Айнбиндер же, наоборот, замкнулся в себе. Он раздражался по пустякам, свое неудовольствие выражал тем, что демонстративно отворачивался к стенке вездехода, заиндевевшей от мороза, напяливал на себя одеяла и сердито сопел в своем углу. Его большое, сильное тело требовало много пищи. Но в последние дни нормы катастрофически сокращались. Поговаривали о бездорожье и партизанах, совершавших нападения на обозы. В маркитантских лавках расхватывали все, кроме лезвий для бритв и мази от вшей. Нечем было разжиться и у местных жителей, обобранных передовыми частями вермахта. Хохмайстер отдавал Вилли свою порцию галет и мармелада, тот сжирал еду, даже не удосужившись поблагодарить.

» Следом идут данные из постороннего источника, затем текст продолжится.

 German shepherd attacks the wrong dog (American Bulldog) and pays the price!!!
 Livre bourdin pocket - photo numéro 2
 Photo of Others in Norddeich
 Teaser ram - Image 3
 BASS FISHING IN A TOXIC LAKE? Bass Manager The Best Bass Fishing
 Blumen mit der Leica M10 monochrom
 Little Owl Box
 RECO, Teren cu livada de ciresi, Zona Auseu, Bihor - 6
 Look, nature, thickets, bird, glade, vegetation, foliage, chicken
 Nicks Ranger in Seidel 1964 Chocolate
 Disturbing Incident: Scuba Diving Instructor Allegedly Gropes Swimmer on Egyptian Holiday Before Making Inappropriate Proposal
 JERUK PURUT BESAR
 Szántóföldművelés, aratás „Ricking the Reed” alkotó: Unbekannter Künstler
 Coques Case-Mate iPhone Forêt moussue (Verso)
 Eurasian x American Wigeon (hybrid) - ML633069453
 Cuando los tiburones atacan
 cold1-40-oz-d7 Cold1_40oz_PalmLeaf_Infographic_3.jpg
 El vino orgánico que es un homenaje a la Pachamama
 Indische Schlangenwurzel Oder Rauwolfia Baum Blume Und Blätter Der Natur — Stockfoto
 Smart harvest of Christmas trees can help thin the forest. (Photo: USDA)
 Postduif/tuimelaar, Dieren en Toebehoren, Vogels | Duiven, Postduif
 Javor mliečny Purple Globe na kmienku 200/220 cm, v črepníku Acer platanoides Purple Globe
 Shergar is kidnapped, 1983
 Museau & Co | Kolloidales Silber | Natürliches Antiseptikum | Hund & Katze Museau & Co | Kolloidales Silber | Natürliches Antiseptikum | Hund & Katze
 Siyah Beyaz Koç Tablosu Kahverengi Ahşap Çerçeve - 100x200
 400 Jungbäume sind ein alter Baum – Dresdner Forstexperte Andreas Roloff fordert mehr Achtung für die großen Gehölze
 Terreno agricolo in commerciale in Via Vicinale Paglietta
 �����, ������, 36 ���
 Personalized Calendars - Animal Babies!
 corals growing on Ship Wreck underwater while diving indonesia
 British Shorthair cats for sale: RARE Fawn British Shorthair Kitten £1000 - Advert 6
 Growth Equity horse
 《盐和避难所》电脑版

«Скоро всему этому придет конец», — успокаивал себя Маркус, кутаясь в трофейный полушубок, от которого неприятно и остро пахло овчиной.
На рассвете 5 декабря загудели моторы. Машины полка «Гитлерюгенд» выстроились в колонны. Однако приказ начать движение почему-то запаздывал.
Прошел час. Продрогшие в своих стальных коробках танкисты стали вылезать из машин, приплясывать на скрипучем грязном снегу. За ними повылезали из транспортеров и грузовиков пехотинцы. Несмотря на запрет, там и здесь запылали костры. Солдаты валили заборы, сдирали с крыш доски, растаскивали бревна и бросали в огонь. По черным дымам авиация противника легко бы вышла на цели. Но в советскую авиацию не верили, как и в то, что у русских оставалось хоть сколько-нибудь сил, чтобы противостоять натиску железных колонн.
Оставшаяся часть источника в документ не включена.